When some people continue to cling to the Mogul hypothesis despite its utter and total falsification, as discussed in this blog in the past, they are not following a critical rationalist approach to science.
Of course there appears to be a second layer to all this. Some issues go beyond being simply a scientific question and involve national security or political consideration. In these circumstances it may be hard to distinguish between pathological scepticism and cynically pragmatic abuse of science for what some would argue are much more significant objectives.
Anyway...just my working hypothesis at the moment

albert said...

@Anthony,

"...A critical rationalist approach, following Popper, considers all knowledge to be provisional and potentially falsifiable. Some knowledge is much more secure and unlikely to be falsified than others but the principle applies...."
.
Since there is a large range of probabilities (from metaphysical certitude to highly unlikely) for the 'truthfulness' of all knowledge, there must be a large range of attitudes toward that knowledge (from violent fanaticism to banal cynicism). Whereas the cynic may be willing to assign probabilities to a particular theory, the fanatic will never accept anything less than metaphysical certitude.

In the case of the Mogul balloon theory, most folks (present company excluded) would consider it a teapot tempest. However, if Congress decides to pass a law that prohibits criticising religions (BTW, clearly unconstitutional), the public outcry would be tremendous.

I agree that some folks need psychological teddy bears to comfort them in their beliefs, but real* fanatics don't have any uncertainty about their beliefs; they have their faith in God or Science.

That's my working hypothesis.

..........
* as opposed to the cynics and poseurs. I worked with a fellow, very much an atheist, who continually pumped me for Bible information, just so he could argue with the fundamentalists in the company. He got to be pretty good at it. :)

Mark said...

I'm curious: do you have examples of people who you would consider legitimate skeptics, who do not support the alien hypothesis for UFOs? To be open about my own biases, I'm agnostic-leaning-towards-skeptic on the alien hypothesis.

erickson said...

Sharon Hill (Doubtful News) recently tweeted, "Skepticism should not be off the cuff dismissiveness. It should be an attempt to understand and present in a rational light."

As one who is skeptical about many things within ufology, I certainly agree with that. But it is also a standard that should be applied to the things that we believe. We should not accept claims without critical thought simply because something conforms to a belief system.

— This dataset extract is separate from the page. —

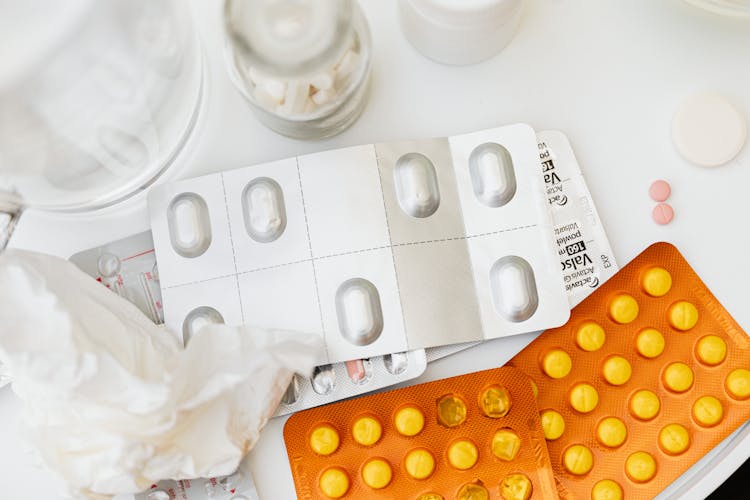 Blister Packs Of Assorted Medicines On White Surface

Critical thought should be the starting point on either side of the fence.

Gal220 said...

Thoughtful post and maybe even helpful to some, but the cynic in me doesnt really believe it. Most people appear to have leanings one way or another, like liberal or conservative, never the twain shall meet. Its unfortunate the small margin of swing voters, who really dont know what they believe, usually decides things.

Anthony Mugan said...

@Mark
Michael Persinger would be a good example of a sceptic who has done outstanding work in this area.

albert said...

@Mark,
Were you directing your question to anyone in particular?
. .. . .. --- ....

Gilles Fernandez said...

Hello,

I readed the other publications by Tara MacIsaac... Like the one titled "Using Psychics in the Courtroom: Parapsychology Consultant Discusses" Wow!!, she is definitivatly the person one ufologist may have as mentor, and then Kevin ^^

I have encountered many ufologists in my humble "immersion" using "the call to Truzzi" only for the rethoric they seem to have as a last argument because their ETH/fortean hypothesis is not convincing at all, from the starts to the end.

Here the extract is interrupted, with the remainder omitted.